Saturday 1 August 2009

…and now I am become an Art Installation…

A few days ago I was phoned up by a Video Artist (please don’t stop reading, this Is actually rather interesting) in the middle of his latest project called "The People”.

His name is Ian Flitman. So I checked out his website ( www.blipstation.com ) and the work he’s best known for, Hackney Girl - it’s been exhibited round the world - and started to watch it.

To say that he is a video artist who “creates self-editing, randomly-generated narratives that are different each time you watch it” sounds a bit poncey and pretentious, but you really have to watch Hackney Girl a few times to see how he goes about it - and, because there is an over-arching 3-Act construct, it all does make sense.

Indeed, twenty years ago, when I was Chair of the London Screenwriter’s Workshop, I tried to get our writers to address these ideas of non-linear narratives where, for example, the audience could choose and decide the course of the stories they were watching.
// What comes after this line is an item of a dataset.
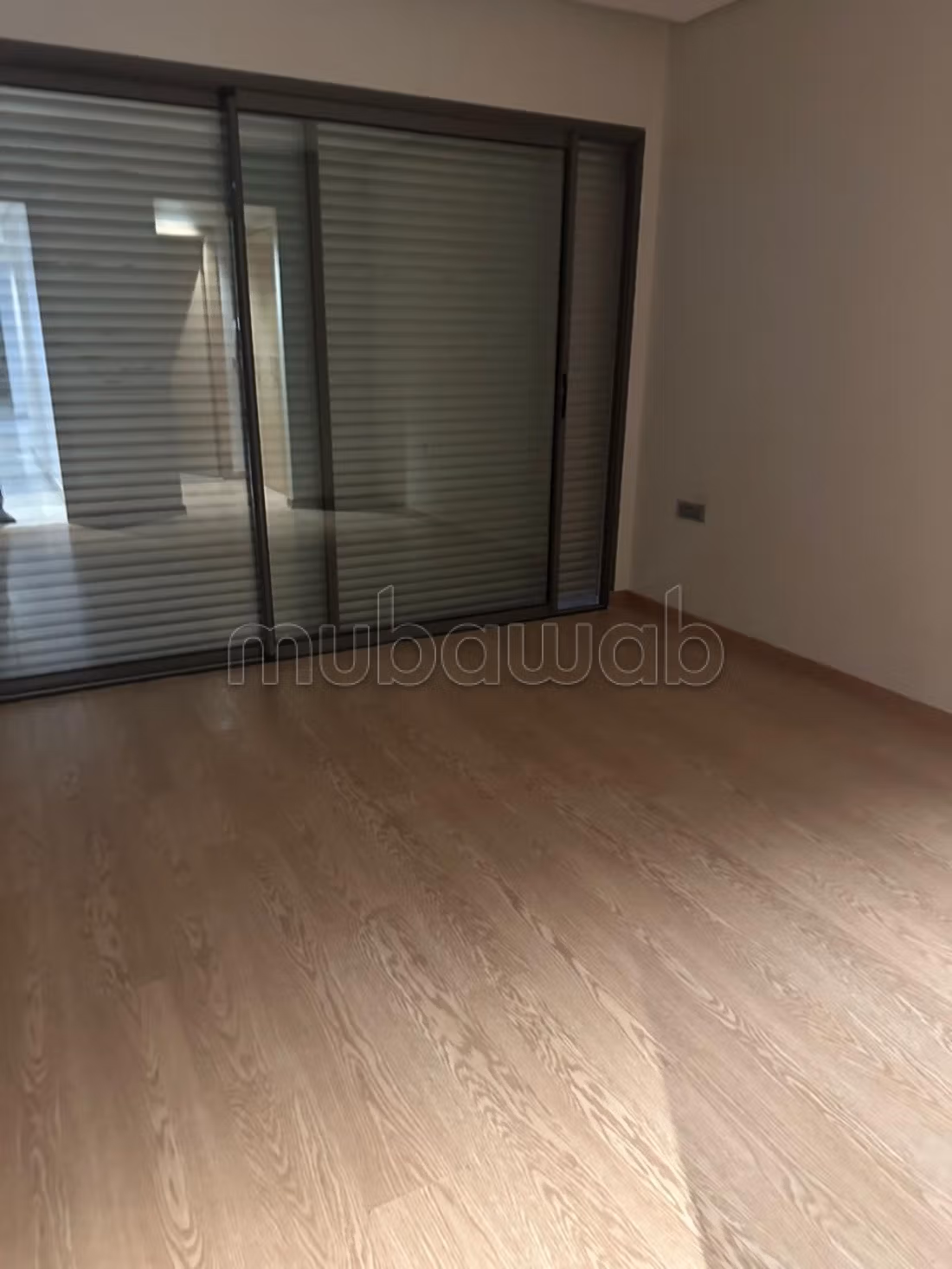 Appart vide 3 chambres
And it’s only in recent years, with the advent of digital technology, that linear film-makers like Mike Figgis (with his piece Timecode) have begun to explore the possibilities of non--linear / multi-linear narrative.

So what Ian is doing is actually quite clever and taking the concept of randomness yet still working within a 3-Act construct.

So what happened? To summarise: yesterday we filmed near the Royal Exchange (on top of Bank station in the City). A tight head-and-shoulders close up of me listening to an MP3 playing a reading of the W.B.Yeats poem The Wild Swans At Coole, 1919. Then, when it was over, I’d take the headphones out, look straight at the lens for a minute or so, then make a ‘Cut’ sign to camera.

It will be curious to see the end result when it starts to get shown in 2010 (I am Number 50 out of the fifty people Ian has filmed). I’ll no doubt keep you in touch of the exploits of this piece.

[I could let you into a little secret. I could say that the tear slowly forming in my left eye during the piece was my emotional response to the power of the poetry. It was actually the result of a slight breeze constantly blowing into my eye throughout the shoot. But if I said that, it would be giving the game away, wouldn’t it?]. And I got paid for it.